Short web captions
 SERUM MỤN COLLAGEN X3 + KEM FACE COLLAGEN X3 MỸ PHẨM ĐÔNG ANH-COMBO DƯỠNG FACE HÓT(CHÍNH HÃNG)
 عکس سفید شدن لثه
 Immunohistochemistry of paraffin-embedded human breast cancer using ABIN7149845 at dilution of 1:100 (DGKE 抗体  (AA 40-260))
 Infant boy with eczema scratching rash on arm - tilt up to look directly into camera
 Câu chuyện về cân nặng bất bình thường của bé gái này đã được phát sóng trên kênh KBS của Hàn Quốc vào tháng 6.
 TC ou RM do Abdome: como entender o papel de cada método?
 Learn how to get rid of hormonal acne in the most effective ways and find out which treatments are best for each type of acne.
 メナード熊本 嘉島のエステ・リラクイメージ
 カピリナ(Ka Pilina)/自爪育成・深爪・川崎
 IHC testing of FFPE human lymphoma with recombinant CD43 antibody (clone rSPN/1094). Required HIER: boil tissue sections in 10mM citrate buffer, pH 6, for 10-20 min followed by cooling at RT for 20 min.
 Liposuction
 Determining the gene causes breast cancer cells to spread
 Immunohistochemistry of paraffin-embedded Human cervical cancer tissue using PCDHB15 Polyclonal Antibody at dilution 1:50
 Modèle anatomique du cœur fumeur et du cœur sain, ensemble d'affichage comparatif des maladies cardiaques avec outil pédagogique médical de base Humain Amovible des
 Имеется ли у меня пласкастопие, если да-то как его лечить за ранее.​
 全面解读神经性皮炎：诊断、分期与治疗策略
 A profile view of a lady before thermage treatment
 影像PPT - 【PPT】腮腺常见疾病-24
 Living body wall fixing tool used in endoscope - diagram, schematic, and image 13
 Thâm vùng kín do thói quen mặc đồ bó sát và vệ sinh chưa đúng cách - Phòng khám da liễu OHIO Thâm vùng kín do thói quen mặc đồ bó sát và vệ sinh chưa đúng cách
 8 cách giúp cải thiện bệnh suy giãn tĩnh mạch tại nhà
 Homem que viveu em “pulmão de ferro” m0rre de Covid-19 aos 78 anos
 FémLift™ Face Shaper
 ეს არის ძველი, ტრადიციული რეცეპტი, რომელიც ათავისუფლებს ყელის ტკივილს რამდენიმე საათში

(AIM OF THE TASK) Of all the entries above, output exactly the lines between the one holding "عکس سفید شدن لثه" and the one holding "メナード熊本 嘉島のエステ・リラクイメージ", inclusive.

(RESPONSE AREA)
 عکس سفید شدن لثه
 Immunohistochemistry of paraffin-embedded human breast cancer using ABIN7149845 at dilution of 1:100 (DGKE 抗体  (AA 40-260))
 Infant boy with eczema scratching rash on arm - tilt up to look directly into camera
 Câu chuyện về cân nặng bất bình thường của bé gái này đã được phát sóng trên kênh KBS của Hàn Quốc vào tháng 6.
 TC ou RM do Abdome: como entender o papel de cada método?
 Learn how to get rid of hormonal acne in the most effective ways and find out which treatments are best for each type of acne.
 メナード熊本 嘉島のエステ・リラクイメージ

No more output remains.